-- Work to be completed --
Nothing but an exact copy is asked for: the lines in the material below from the one with "Mercedes - 2001" through the one with "豊富な収納で、いつもすっきり", pictures excluded.

-- Supplied data --
◆ ◆ ◆ ◆ ◆ ◆ ◆
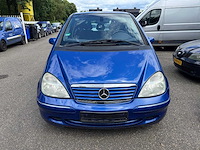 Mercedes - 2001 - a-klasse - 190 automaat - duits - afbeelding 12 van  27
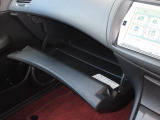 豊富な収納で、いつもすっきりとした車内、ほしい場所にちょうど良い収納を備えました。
◆ ◆ ◆ ◆ ◆ ◆ ◆
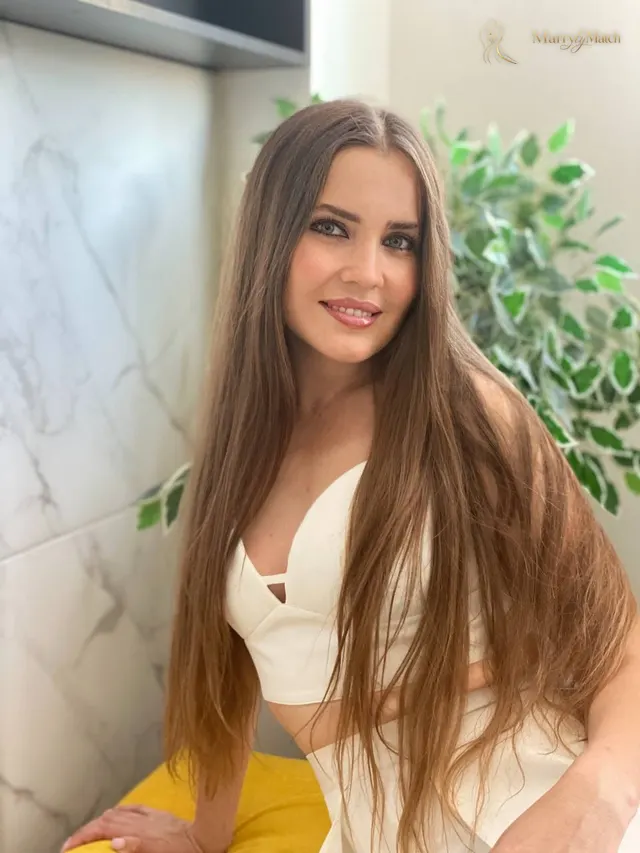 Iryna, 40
◆ ◆ ◆ ◆ ◆ ◆ ◆
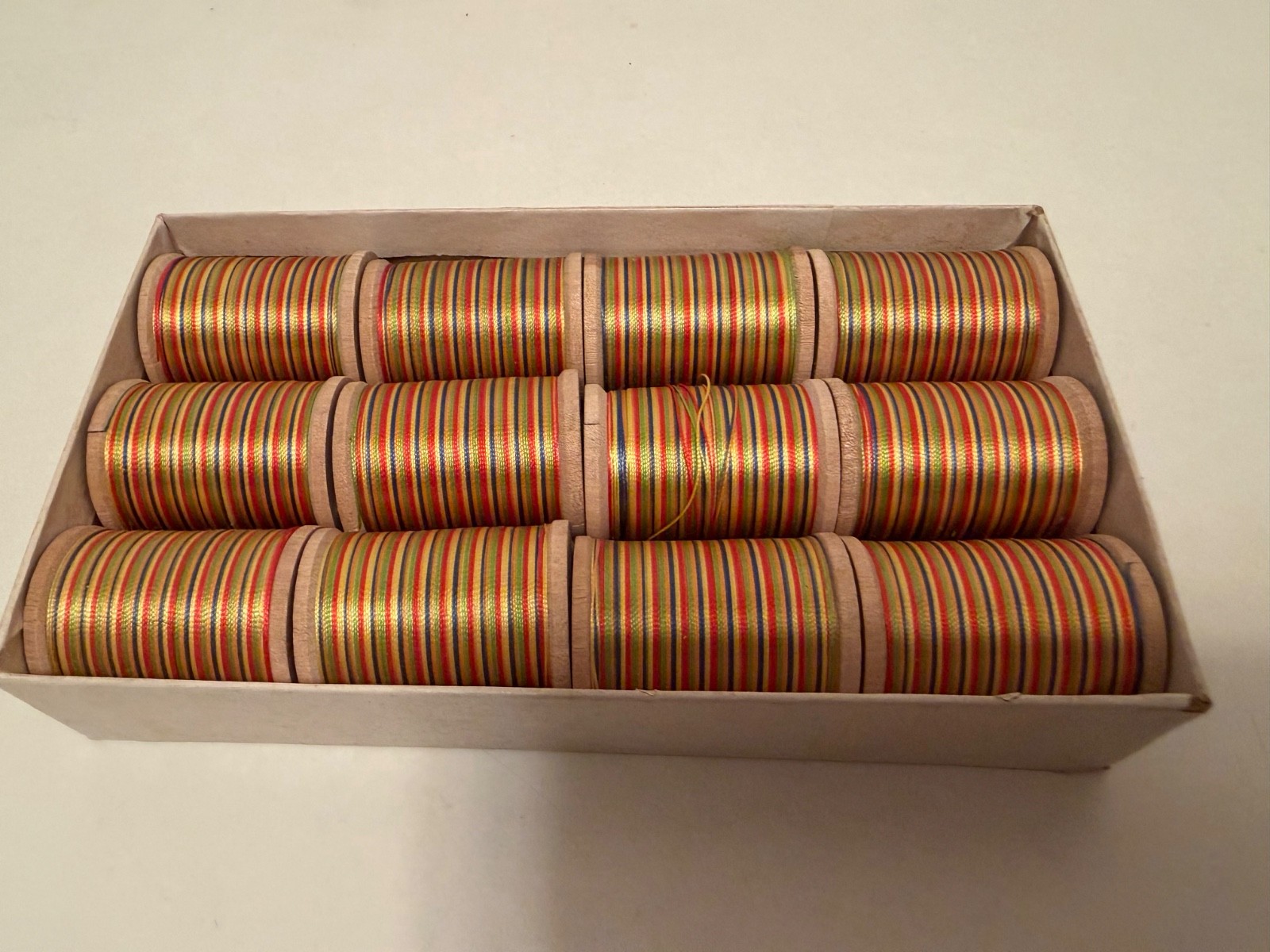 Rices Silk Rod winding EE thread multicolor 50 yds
◆ ◆ ◆ ◆ ◆ ◆ ◆
-- Written response --
 Mercedes - 2001 - a-klasse - 190 automaat - duits - afbeelding 12 van  27
 豊富な収納で、いつもすっきりとした車内、ほしい場所にちょうど良い収納を備えました。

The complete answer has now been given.